Data provided:
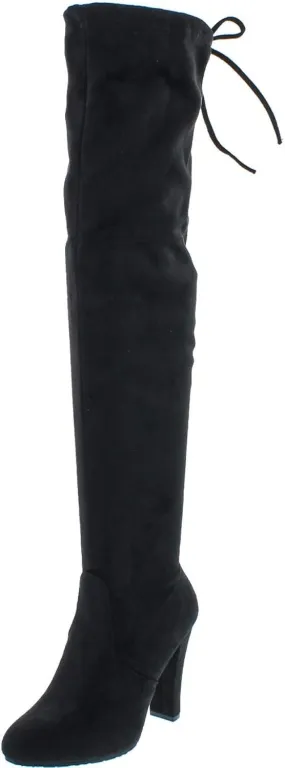 Forever Link Women's Stacked Chunky Heel Stretch Over The Knee Boot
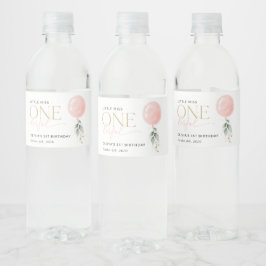 Rosa Ballon, Eukalyptus, Grüne, Erster Geburtstag Wasserflaschenetikett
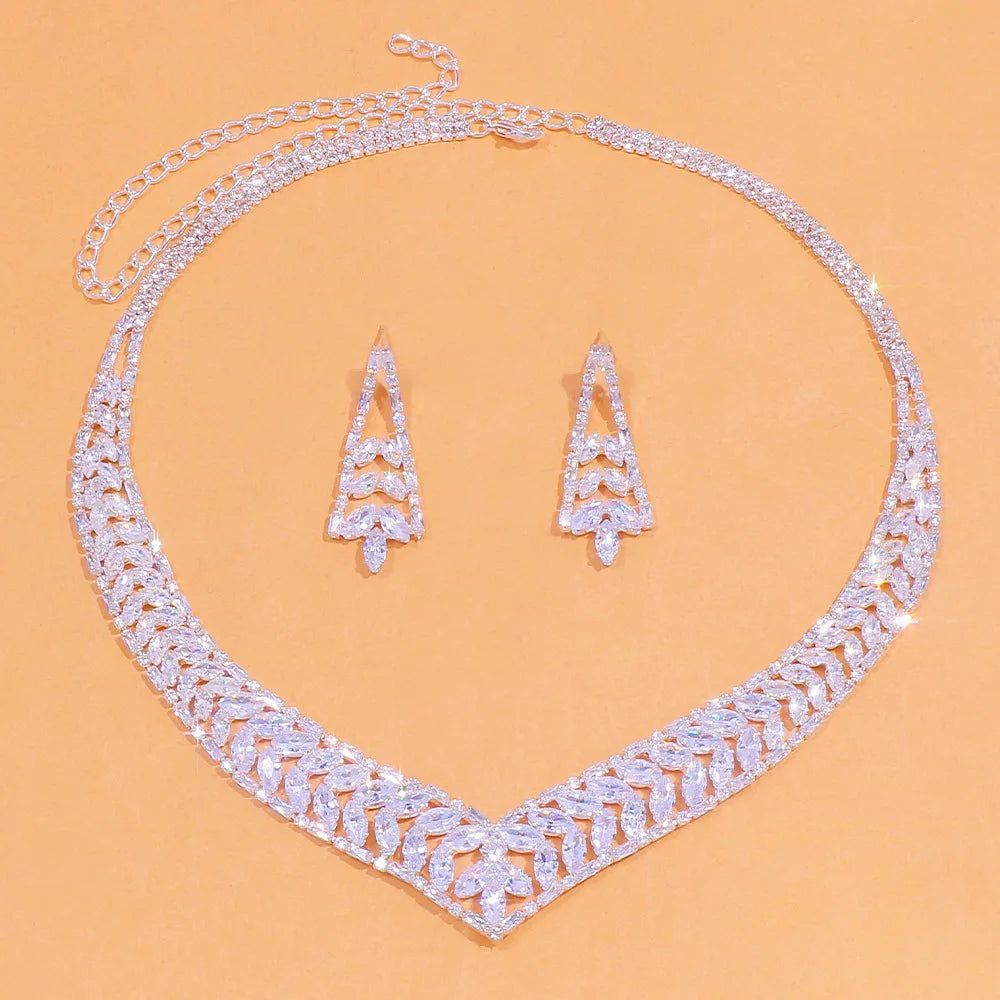 Luxury Leaf Zircon Jewelry Set High Quality Necklace Earrings Sets for Women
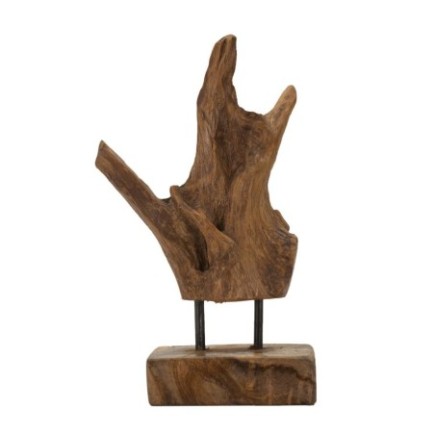 Objeto decorativo de madera marrón 20x11x34 cm - Pieza única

Required action:
Copy out the data above to the letter, and keep every picture out of it.

Result of the exercise:
 Forever Link Women's Stacked Chunky Heel Stretch Over The Knee Boot
 Rosa Ballon, Eukalyptus, Grüne, Erster Geburtstag Wasserflaschenetikett
 Luxury Leaf Zircon Jewelry Set High Quality Necklace Earrings Sets for Women
 Objeto decorativo de madera marrón 20x11x34 cm - Pieza única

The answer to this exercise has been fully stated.